▶ WHAT IS REQUIRED:
Within the records that follow, restate exactly the lines from the line with "Let's see how" down to the line with "That concludes today's", including both. Omit the pictures.

Saved entries

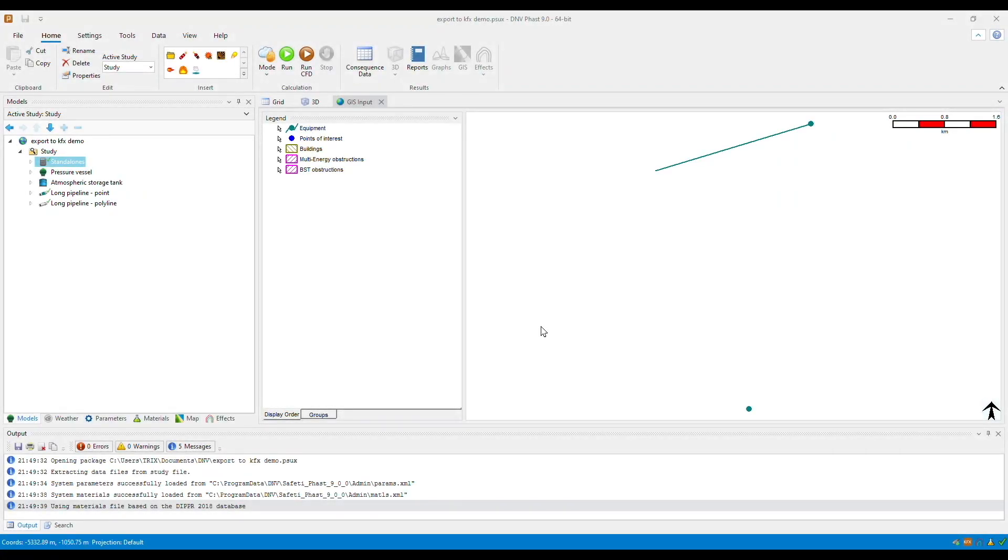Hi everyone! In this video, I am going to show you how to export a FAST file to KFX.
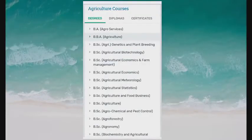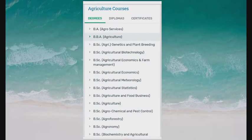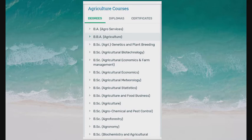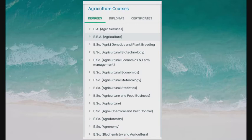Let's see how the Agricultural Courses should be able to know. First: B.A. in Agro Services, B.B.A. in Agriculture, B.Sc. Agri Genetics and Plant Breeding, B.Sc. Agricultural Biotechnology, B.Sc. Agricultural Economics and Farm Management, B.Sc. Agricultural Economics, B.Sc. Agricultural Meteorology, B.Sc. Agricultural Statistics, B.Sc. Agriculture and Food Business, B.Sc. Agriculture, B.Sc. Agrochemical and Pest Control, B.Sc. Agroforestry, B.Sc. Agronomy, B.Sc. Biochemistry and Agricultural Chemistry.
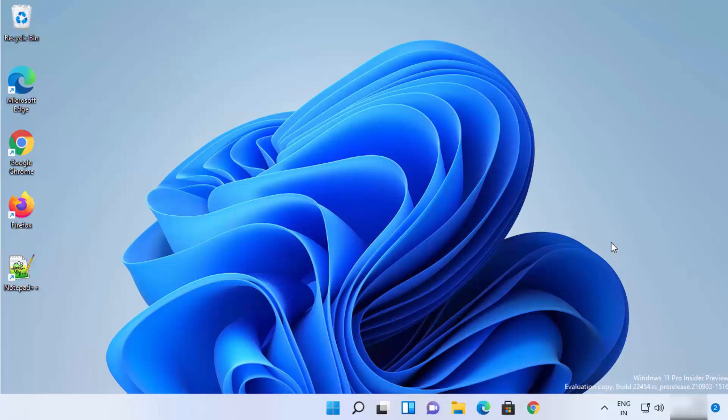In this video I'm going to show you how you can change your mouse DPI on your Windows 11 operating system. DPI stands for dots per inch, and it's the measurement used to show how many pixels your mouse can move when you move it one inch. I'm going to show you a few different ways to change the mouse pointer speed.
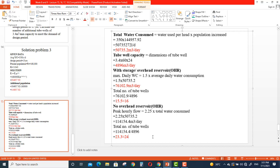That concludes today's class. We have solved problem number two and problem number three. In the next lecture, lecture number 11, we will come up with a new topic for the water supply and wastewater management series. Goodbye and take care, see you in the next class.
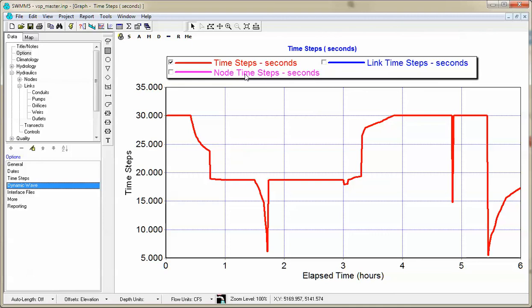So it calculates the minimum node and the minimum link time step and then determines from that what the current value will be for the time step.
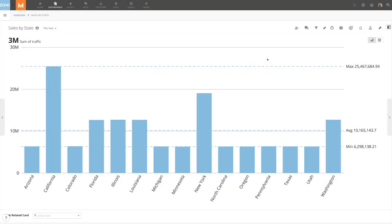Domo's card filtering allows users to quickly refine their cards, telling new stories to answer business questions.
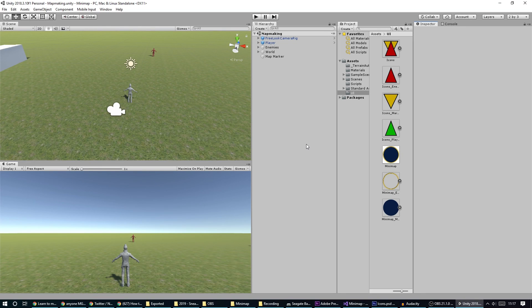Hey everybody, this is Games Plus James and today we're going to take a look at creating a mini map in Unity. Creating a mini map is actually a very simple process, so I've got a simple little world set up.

▶ EXPECTED ANSWER:
Let's see how the Agricultural Courses should be able to know. First: B.A. in Agro Services, B.B.A. in Agriculture, B.Sc. Agri Genetics and Plant Breeding, B.Sc. Agricultural Biotechnology, B.Sc. Agricultural Economics and Farm Management, B.Sc. Agricultural Economics, B.Sc. Agricultural Meteorology, B.Sc. Agricultural Statistics, B.Sc. Agriculture and Food Business, B.Sc. Agriculture, B.Sc. Agrochemical and Pest Control, B.Sc. Agroforestry, B.Sc. Agronomy, B.Sc. Biochemistry and Agricultural Chemistry.
In this video I'm going to show you how you can change your mouse DPI on your Windows 11 operating system. DPI stands for dots per inch, and it's the measurement used to show how many pixels your mouse can move when you move it one inch. I'm going to show you a few different ways to change the mouse pointer speed.
That concludes today's class. We have solved problem number two and problem number three. In the next lecture, lecture number 11, we will come up with a new topic for the water supply and wastewater management series. Goodbye and take care, see you in the next class.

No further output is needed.